Sunflowers and corn are among the many crops grown at Minglewood Farm and Nature Preserve.

Cheryl Ferguson leads tours of Plum Granny Farm in King including the u-pick blackberry patch.

Meeting goats and tasting fresh feta cheese are part of the experience at Buffalo Creek Farm and Creamery in Germanton.

Visitors meet truffle dog, Dazy, and learn her role in harvesting truffles at Keep Your Fork Farm in King.

KING — The growing interest in fresh, local food has made farm tours more popular in recent years. The Northern Triad Farm Tour was held Sunday, inviting the public to visit five diverse farms in the region.

Cheryl Ferguson, of Plum Granny Farm in King, developed the tour after learning that this year’s Carolina Farm Stewardship tour was cancelled. “We participated in the tour last year, and had over 150 people visit the farm,” said Ferguson.

Understanding that consistency is key to establishing events, Ferguson reached out to other farms that participated in the 2014 Carolina Farm Stewardship tour. “There was no hesitation,” Ferguson said of the other farmers’ willingness to participate.

Minglewood Farm and Nature Preserve in Westfield, Truffles NC at Keep Your Fork Farm in King, Buffalo Creek Farm and Creamery in Germanton, and Yellow Wolf Farm in Walkertown joined Plum Granny Farm to create a wide array of experiences. All the farms were open to visitors with no admission fees from 1 to 5 p.m. on Sunday. Tour goers could choose to spend the whole afternoon at a single farm, or follow the map to visit several.

For more than 20 years, Bill and Margie Imus have cultivated Minglewood Farm. Bringing together Margie’s background in flowers and education with Bill’s interest in food crops and forestry, the farm has been turned into a nonprofit with a focus on outdoor education and nature preservation.

“We have seen a growing nature deficit in children, so it is our goal to help them find a connection with the outdoors,” said Bill.

Minglewood serves schools, youth groups, seniors and families. “We cater our programs to the needs of the group,” said Margie, explaining that offerings are endless ranging from digging in the dirt and harvesting vegetables, to art classes using all the senses, or nature hikes identifying native birds.

At Keep Your Fork Farm, Jane Morgan Smith grows truffles and makes products such as truffle butter and truffle salt under the name Truffles NC. Visitors had a chance to learn about the inoculation process and the dogs trained to assist in harvesting the ripe product.

Harvesting 10 pounds of Black Perigord truffles over a three-year period, Smith said, “There is a lot of mystery in growing truffles.” A pioneer in the field, Keep Your Fork Farm is participating in the first research grant for best practices in North Carolina, hoping to pave the way for future farmers.

Plum Granny Farm is a USDA certified organic farm supplying local restaurants, farmers markets, and individuals in their u-pick area.
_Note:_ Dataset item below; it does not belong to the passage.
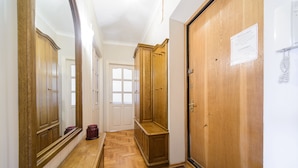 A hallway with wooden doors, a bench, and a rug. - Apartment near Olympic Stadium (Kyiv)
Ferguson explained the process of becoming and remaining certified organic, “to me it is the most important thing that we grow organically, so we are not poisoning our workers, our customers, our environment, or our selves.”

“We do pick-your-own weeds,” teased Ferguson, when explaining that no herbicides are used on the property. Garlic, potatoes, tomatoes, asparagus, artichokes, blackberries, apples and a variety of herbs are among the crops grown on the 47-acre farm.

Johnny and Robin Blakley operate Buffalo Creek Farm and Creamery in Germanton. The micro dairy breeds and raises the goats, then milks them and makes cheese on site. “We process about 125 pounds of cheese each week,” said Johnny.

The Blakleys also raise chicken, lamb and beef which can be purchased at area farmers markets or in the store located at the farm. “We also like to support other local farmers by offering their products in our store,” said Robin.

Goat’s milk soaps and lotions as well as a variety of preserves can be found at Buffalo Creek Farm.

Located in Walkertown, Yellow Wolf Farm focuses on humanely raised livestock. Raising heritage breeds of sheep, pigs, goats, rabbits, and poultry, the farm offers fresh meat, eggs, and goat milk products each Saturday and through their Community Supported Agriculture memberships.

With hundreds of visitors to the five farms, the Northern Triad Farm Tour provided an opportunity for the public and farmers to make connections. Angela King, a guest at Plum Granny Farm, said, “I’m interested in local food, and this was very informative.”

A diverse group, the farms were brought together by more than geography. They all share a passion for educating people about where their food comes from in an up-close and hands-on way. One visitor to Buffalo Creek said, “I grew up on a farm, but this is the closest my grand kids may ever come to experiencing that.”